The scratch area in the NC and VC groups showed similar changes with no statistical difference. After treatment with propofol for 1 h, the scratches in the MDA-MB-231 cells treated with 5 and 10 µg/ml were narrower than the NC group and the cells treated with 2 µg/ml (P<0.05). However, the scratch in the cells treated with 5 and 10 µg/ml did not differ (Fig. 2A). After treatment with propofol for 12 h, the percentage of the initial scratch area in the cells treated with 2, 5 and 10 µg/ml propofol (40.1±3.1, 25.3±2.8 and 17.0±3.8%, respectively) were lower than the NC group (57.5±2.5%) at 24 h (P<0.05), and the percentage of the scratch area in the cells treated with 10 µg/ml was lower than the 2 and 5 µg/ml groups (P<0.05; Fig. 2B and C).

The expression of p53 and Nrf2 protein in the NC and VC groups had no significant difference. Yet, the expression of p53 protein in the 2, 5 and 10 µg/ml propofol groups was significantly lower than that in the NC group after treatment with propofol for 1 h (P<0.05), but no significant differences were found among the 2, 5 and 10 µg/ml groups. After treatment with propofol for 12 h, the expression of p53 protein in the 10 µg/ml group was obviously lower than that noted in the 2 and 5 µg/ml groups (P<0.05). Expression of p53 protein was inhibited in a dose- and time-dependent manner after treatment with propofol for 4 and 12 h. However, the Nrf2 protein expression showed a contrary trend when compared with p53. The expression of Nrf2 protein in the 10 µg/ml group was significantly higher than that in the 2 and 5 µg/ml groups after treatment with propofol for 12 h (P<0.05; Fig. 3).

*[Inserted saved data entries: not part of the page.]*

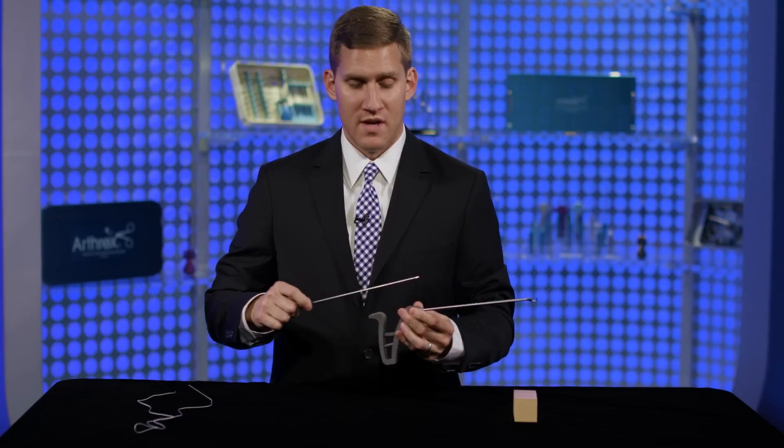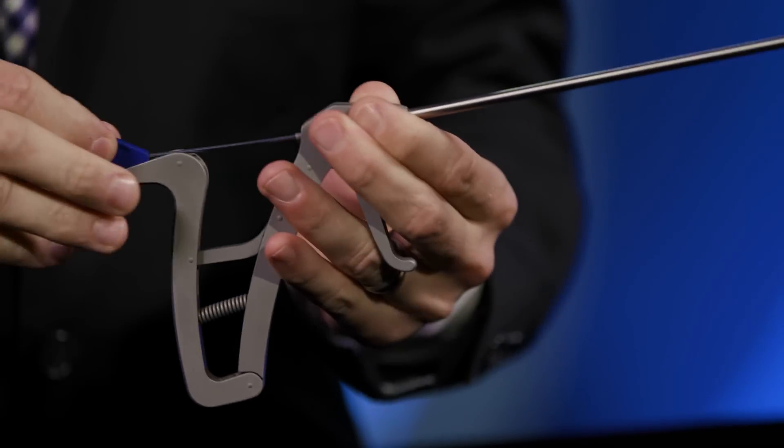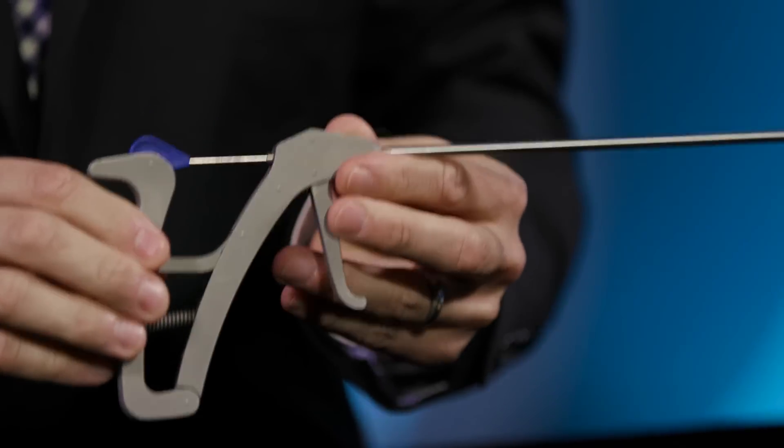The Capsule Closed Scorpion is a reusable handle with a disposable stainless steel needle component. The needle is disposed after each case to ensure its sharpness during the procedure. To load the needle through the handle, you'll simply feed it through the inner cannulation and lock it on the back barb of the device.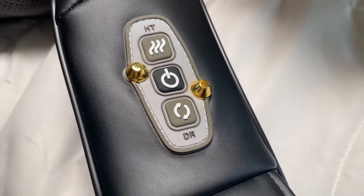It does have heat settings. You can change the way the kneading will rotate as well. Those are what those buttons are on there, and you can also change the intensity.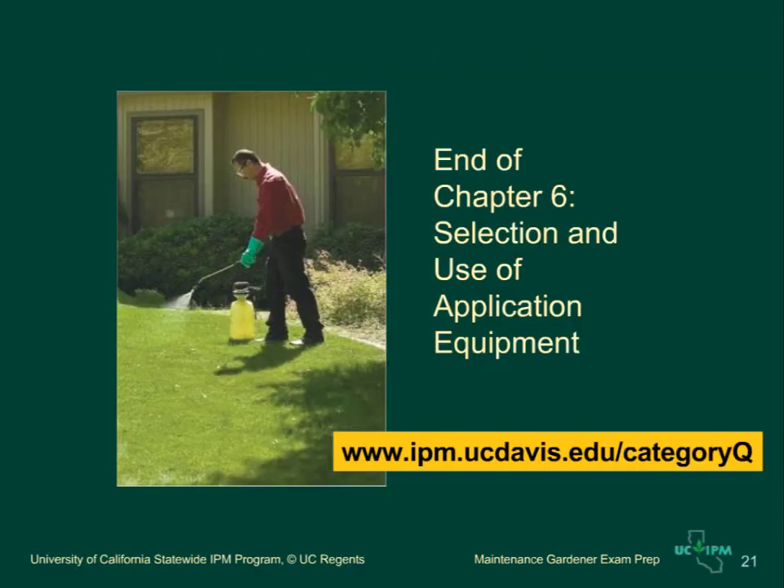This is the end of the presentation for Chapter 6, Selection and Use of Application Equipment, and also the end of the presentations to prepare for the California Maintenance Gardener Pesticide Applicator Exam. After reviewing the sample test questions and the exercises in the study guide and workbook, you should be ready for the exam. Consult the webpage www.ipm.ucdavis.edu Category Q for more information about study materials.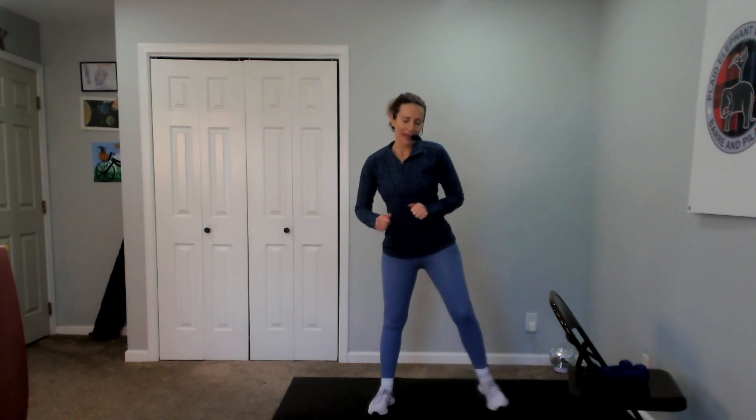Three more, two, and one. Hold center, bring your arms up and you can just pull your elbows down side to side. One more each way. And then bring the arms down and side lunge out to the other side. Give it a nice big step. Four more, two, and one.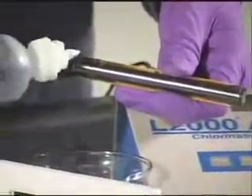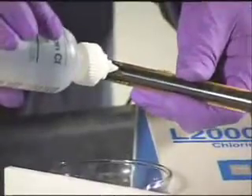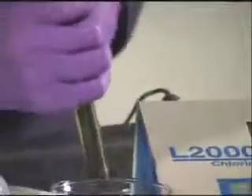On the side of the electrode, near the top, is a port that is used to fill the electrode with electrode filling solution. This and distilled water are the only solutions that should ever go into the electrode.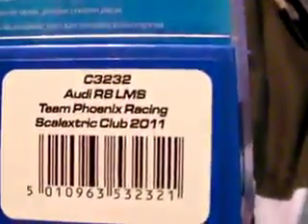The product code for the Audi R8 LMS Team Phoenix Racing Skeletrcs Club 2011 is C3232 - and that's this one here. It's even got 'Skeletrcs Club 2011' written on the top of it. And if you're looking for the number 98, which is the blue and yellow one, that is C3245 - Audi R8 LMS Team Phoenix Racing number 98, which is this one here.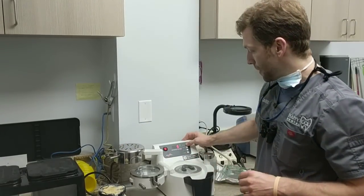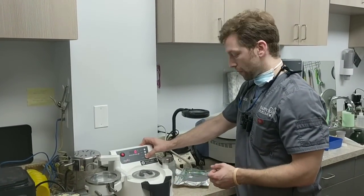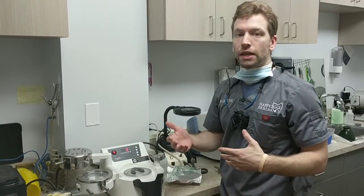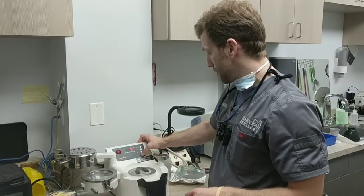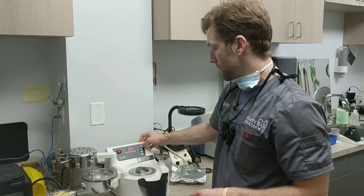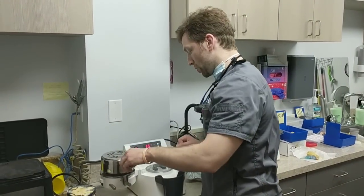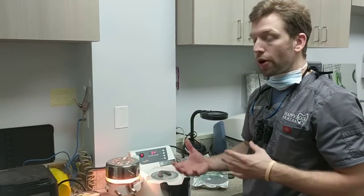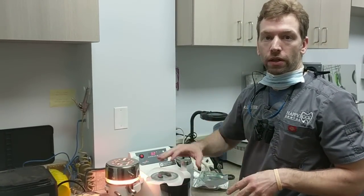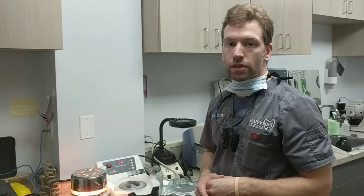Now we're going to go ahead and dial it up. There's a little barcode scanner down here that will allow you to scan the specific material — there are lots of different settings, but we kind of just have a routine down. I'm going to dial it up to 35 seconds and then swing this over here. Now it's going to be heating up. With a suck down you have to monitor and see where it droops and worry about overstretching. With this, just let the machine do its thing.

The proliferation of MDA-MB-231 cells in the 10 µg/ml group was increased significantly compared with that in the NC group. But the proliferation was decreased significantly in a dose-dependent manner after the treatment with the inhibitor of Nrf2, PIK-75 at 0.1, 0.3 and 1.0 µM (P<0.05). Although the proliferation was decreased after treatment with the inhibitor, it was still higher than that in the NC group (P<0.05; Fig. 4A). After treatment with the inhibitor, the expression of Nrf2 protein was inhibited in a dose-dependent manner, while the expression of p53 protein was not significantly changed (Fig. 4B). Additionally, the scratch area was narrowed dramatically after exposure to propofol, which was significantly attenuated following treatment with the Nrf2 inhibitor at 1.0 µM which did not differ compared with the NC group (Figs. 4C and D).

Compared with the NC group, the caspase-3 activity and apoptosis index showed no significant difference in the VC group, which was significantly decreased after the treatment with propofol at 2, 5 and 10 µg/ml for 12 h (P<0.05). After the treatment with propofol at 10 µg/ml for 12 h, the caspase-3 activity and apoptosis index of the MDA-MB-231 cell were lower than these values in the 2 and 5 µg/ml groups (P<0.05; Fig. 5). However, this trend was inhibited by the Nrf2 inhibitor in a dose-dependent manner. After the treatment with the inhibitor at 1.0 µM, the caspase-3 activity and apoptosis index were increased markedly compared with these values in the 10 µg/ml group (P<0.05; Fig. 5).